After Cappodocia I had no idea where to go next on this trip around Turkey that I didn’t plan to take but somehow ended up taking anyway.
Then I found a flight to Antalya for less than £20 and I thought ‘right, that’ll do me’ and off I went.
From Antalya my next job was to take a Dolmus (a little minibus) to travel down to Kas (pronounced: cash), which was a four hour bus ride away and cost a bargain 12 lira (less than four euros).
The bus was full up when we left the station and then a bit further out we stopped at a bus stop where four young women were waiting, each with a large suitcase. ‘I suppose they’ll have to wait for the next bus’, I thought. Wrong. The driver produced four little collapsable stools out from under his seat and placed them in the aisle. He then sat each woman on one of them, with her bag in front of her. To say the little minibus was crammed to capacity would be an understatement.
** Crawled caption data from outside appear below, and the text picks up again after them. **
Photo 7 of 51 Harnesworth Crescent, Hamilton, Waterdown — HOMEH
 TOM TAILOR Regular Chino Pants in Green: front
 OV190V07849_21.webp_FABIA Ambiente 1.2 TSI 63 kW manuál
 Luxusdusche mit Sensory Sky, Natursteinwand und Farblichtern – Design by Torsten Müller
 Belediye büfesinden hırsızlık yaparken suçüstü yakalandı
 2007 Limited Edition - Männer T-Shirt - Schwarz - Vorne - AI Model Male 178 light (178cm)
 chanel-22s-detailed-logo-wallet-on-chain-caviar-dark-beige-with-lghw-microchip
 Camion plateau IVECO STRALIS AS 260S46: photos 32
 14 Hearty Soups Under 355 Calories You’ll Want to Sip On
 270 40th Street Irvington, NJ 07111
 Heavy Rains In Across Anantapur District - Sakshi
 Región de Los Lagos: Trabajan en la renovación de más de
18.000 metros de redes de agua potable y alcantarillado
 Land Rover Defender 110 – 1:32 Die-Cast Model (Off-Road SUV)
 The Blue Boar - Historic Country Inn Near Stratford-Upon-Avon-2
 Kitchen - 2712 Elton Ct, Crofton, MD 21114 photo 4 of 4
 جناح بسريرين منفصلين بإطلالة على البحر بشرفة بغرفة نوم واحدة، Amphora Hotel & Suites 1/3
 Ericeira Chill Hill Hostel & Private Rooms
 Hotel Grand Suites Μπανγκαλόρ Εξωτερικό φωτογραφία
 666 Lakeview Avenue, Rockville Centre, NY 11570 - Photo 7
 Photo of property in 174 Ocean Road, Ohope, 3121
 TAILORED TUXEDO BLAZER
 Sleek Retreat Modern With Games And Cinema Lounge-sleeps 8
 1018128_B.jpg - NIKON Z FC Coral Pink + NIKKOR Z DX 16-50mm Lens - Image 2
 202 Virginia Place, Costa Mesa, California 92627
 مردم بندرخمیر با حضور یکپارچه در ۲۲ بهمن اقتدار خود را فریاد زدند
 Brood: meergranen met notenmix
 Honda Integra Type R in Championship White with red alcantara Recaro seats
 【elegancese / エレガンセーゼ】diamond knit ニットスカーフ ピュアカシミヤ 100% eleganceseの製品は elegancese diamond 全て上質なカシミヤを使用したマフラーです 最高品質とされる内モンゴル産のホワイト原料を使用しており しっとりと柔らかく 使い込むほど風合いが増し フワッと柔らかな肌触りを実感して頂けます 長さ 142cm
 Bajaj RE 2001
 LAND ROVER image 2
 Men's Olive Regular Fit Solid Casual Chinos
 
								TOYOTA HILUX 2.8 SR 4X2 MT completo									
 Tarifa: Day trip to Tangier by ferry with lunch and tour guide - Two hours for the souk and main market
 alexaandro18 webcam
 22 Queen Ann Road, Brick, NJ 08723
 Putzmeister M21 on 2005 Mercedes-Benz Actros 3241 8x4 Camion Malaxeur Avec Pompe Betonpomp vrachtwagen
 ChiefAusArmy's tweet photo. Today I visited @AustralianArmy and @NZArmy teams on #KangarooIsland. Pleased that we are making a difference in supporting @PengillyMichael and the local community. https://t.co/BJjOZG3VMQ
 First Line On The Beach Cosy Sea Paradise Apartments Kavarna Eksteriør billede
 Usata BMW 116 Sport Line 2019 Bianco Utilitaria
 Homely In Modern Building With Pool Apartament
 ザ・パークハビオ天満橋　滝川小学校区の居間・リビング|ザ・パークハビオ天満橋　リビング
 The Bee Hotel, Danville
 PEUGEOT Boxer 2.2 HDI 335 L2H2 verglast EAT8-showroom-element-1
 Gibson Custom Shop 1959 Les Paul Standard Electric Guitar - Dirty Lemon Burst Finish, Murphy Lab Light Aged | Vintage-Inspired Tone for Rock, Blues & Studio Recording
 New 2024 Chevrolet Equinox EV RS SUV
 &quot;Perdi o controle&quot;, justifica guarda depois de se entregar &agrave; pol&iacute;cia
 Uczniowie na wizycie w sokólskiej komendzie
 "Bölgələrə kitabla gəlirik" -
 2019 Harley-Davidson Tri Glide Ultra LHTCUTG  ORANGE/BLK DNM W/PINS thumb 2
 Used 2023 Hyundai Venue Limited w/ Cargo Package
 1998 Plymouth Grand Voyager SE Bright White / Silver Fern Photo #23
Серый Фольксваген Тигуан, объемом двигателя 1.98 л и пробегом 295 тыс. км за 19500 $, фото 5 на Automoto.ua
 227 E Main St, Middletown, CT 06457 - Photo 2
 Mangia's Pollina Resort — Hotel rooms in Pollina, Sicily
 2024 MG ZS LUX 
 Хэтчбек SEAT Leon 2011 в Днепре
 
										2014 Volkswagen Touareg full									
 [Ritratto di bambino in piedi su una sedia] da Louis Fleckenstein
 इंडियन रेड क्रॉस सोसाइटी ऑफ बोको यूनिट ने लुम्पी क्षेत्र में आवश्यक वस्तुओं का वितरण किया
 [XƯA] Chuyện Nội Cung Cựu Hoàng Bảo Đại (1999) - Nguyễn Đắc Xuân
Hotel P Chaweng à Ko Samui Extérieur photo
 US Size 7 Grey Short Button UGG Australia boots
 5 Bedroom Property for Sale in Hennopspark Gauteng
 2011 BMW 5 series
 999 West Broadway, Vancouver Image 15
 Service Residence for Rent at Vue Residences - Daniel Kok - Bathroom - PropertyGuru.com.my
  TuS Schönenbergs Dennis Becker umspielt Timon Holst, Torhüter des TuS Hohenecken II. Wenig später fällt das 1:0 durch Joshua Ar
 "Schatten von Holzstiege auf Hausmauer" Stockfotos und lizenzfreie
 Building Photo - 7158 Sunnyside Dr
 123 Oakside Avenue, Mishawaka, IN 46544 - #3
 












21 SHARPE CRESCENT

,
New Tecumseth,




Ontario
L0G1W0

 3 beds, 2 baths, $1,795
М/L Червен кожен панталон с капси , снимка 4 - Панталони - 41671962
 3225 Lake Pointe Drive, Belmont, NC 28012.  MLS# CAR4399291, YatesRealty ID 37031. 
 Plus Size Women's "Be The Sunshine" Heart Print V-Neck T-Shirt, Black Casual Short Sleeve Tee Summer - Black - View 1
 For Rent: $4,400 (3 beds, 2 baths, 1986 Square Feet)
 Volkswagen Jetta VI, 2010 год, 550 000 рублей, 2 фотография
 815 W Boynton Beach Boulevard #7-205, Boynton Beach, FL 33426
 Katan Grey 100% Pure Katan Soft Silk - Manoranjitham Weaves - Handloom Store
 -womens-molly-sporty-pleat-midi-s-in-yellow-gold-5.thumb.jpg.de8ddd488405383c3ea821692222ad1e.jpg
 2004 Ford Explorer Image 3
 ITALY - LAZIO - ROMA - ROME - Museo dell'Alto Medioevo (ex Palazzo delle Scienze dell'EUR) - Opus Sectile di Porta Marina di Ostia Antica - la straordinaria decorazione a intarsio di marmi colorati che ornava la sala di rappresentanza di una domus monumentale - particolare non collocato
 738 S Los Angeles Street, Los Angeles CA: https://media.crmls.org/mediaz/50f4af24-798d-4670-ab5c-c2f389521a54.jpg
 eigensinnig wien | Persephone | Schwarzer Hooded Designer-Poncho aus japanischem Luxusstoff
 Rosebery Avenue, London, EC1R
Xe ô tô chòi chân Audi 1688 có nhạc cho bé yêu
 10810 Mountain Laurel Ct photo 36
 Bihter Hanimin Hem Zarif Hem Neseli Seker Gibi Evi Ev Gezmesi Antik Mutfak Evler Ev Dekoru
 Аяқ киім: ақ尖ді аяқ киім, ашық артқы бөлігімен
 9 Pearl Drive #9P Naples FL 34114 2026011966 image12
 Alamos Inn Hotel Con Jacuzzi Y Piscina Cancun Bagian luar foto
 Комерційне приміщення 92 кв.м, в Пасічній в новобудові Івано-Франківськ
Kas is a nice little town. It is about as far south as you can get in mainland Europe, on a similar latitude to Tunis. This means it gets very hot in summer, although by the time I got there mid-September it was starting to get a little more comfortable.
Kas was a lot quieter than Antalya. Firstly, the Turkish holiday was coming to an end but also Kas is just that bit too far from any airport, making it a lot less visited than other coastal towns.
I liked it. It has an idyllic little harbour and also little platforms where you can sunbathe or get down into the water for a swim, for the price of buying an occasional drink or snack from the cafe that own them (although this is not an obligation apparently).
In Kas I joined a short sailing trip, along with nine other people, sailing up the coast in the direction of Fethiye.
My co-travellers were a mixed bunch. There was one other Brit; three minutes of conversation with him taught me that his political viewpoint was somewhere to the right of Hitler, so I spent the rest of the trip avoiding him. Then there was a French man with a mute wife, who complained that everything was boring. There was a Dutch woman who spoke to me in Dutch every day, presumably assuming that I understood her (the first time it happened I smiled and nodded. Obviously that was an appropriate response because she kept on doing it after that. It gets to the point where it is too awkward to say ‘I don’t speak Dutch’ and so you have no choice but to carry on).
My favourite was a woman, probably on the far side of sixty years young, who on the last night got up and performed Tom Jones’ Sex Bomb for us all (much to the horror of her husband).
Sexbomb sexbomb you’re a sexbomb
You can give it to me when I need to come along
Sexbomb sexbomb you’re my sexbomb
And baby you can turn me on turn me on darlin’
Our captain was a funny man. Rarely seen without a bottle of beer in his hand, he told me he had come to the coast as a ‘young man’ from a small town in Turkey. Well I suppose that is what happens at the coast; people are able to live a different life, free from the constraints placed on them in more conservative Turkey.